And of course suggested tags.

------
jslakro
After del.icio.us shutdown my bookmarking simply exploded, splashing in any
existent service, Keep, twitter favs, feedly read-laters, g+ +1 posts, myself
emails, plaintext, around 8 browsers favs (mobile and desktop) along 10 years.

------
fergie
Great news! I was genuinely baffled when they shut it down. Easily one of the
best and most influential websites of its time. In terms of content it was on
a par with HN, Slashdot and Reddit, with a slight bias towards design.

------
VectorLock
I started using del.icio.us VERY early in its inception but stopped well
before the sell off. This part struck me though.

>If you had data on the site before 2010, whether I still have it depends on
whether you completed the "opt-in" process in 2011, when Yahoo transferred the
site to AVOS.

I'm not sure I ever remember doing that (although it was 9 years ago). But I
think I still do have an old export left over...

Hopefully there will be an import feature that can read the same data file,
because I'd be interested in returning to it under Pinboard's stewardship.

------
djsumdog
I had the Delicious Firefox plugin until that stopped working.
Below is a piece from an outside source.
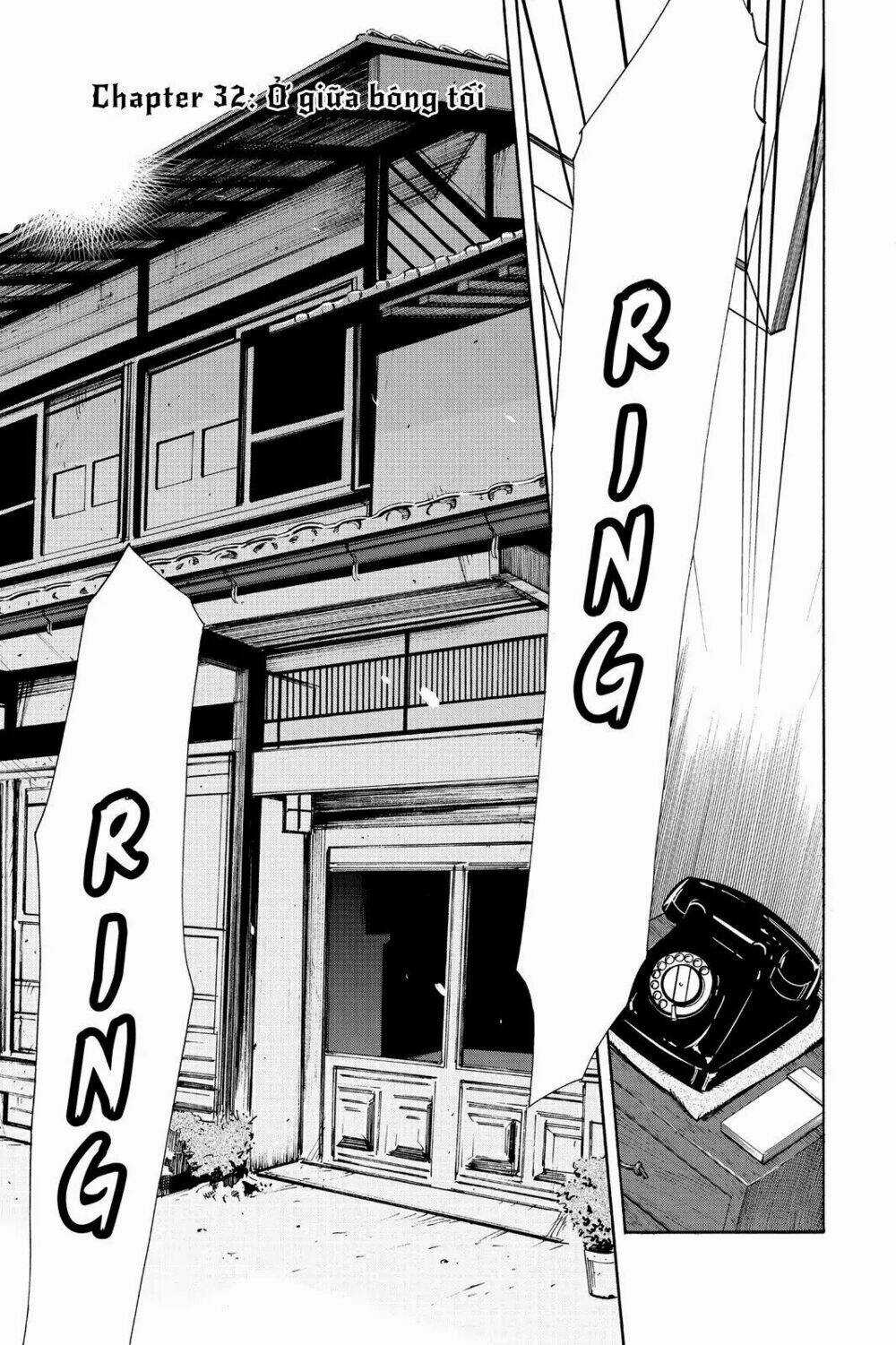 Kasane Chapter 32 trang 0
I've been
meaning to go through the Firefox sqlite databases and try to export all my
old bookmarks/tags that were synced. I can grep references to delicious in
there, so they might still exist.

I've poked around in the tables a little bit but haven't done any deep dives.
I'm pretty sure I didn't opt in during the transfer and also I don't have
access to the e-mail address I used on delicious, so my data, on that old
service I'm sure is long gone.

------
egorfine
How relevant would be del.icio.us these days?

(edit: typo)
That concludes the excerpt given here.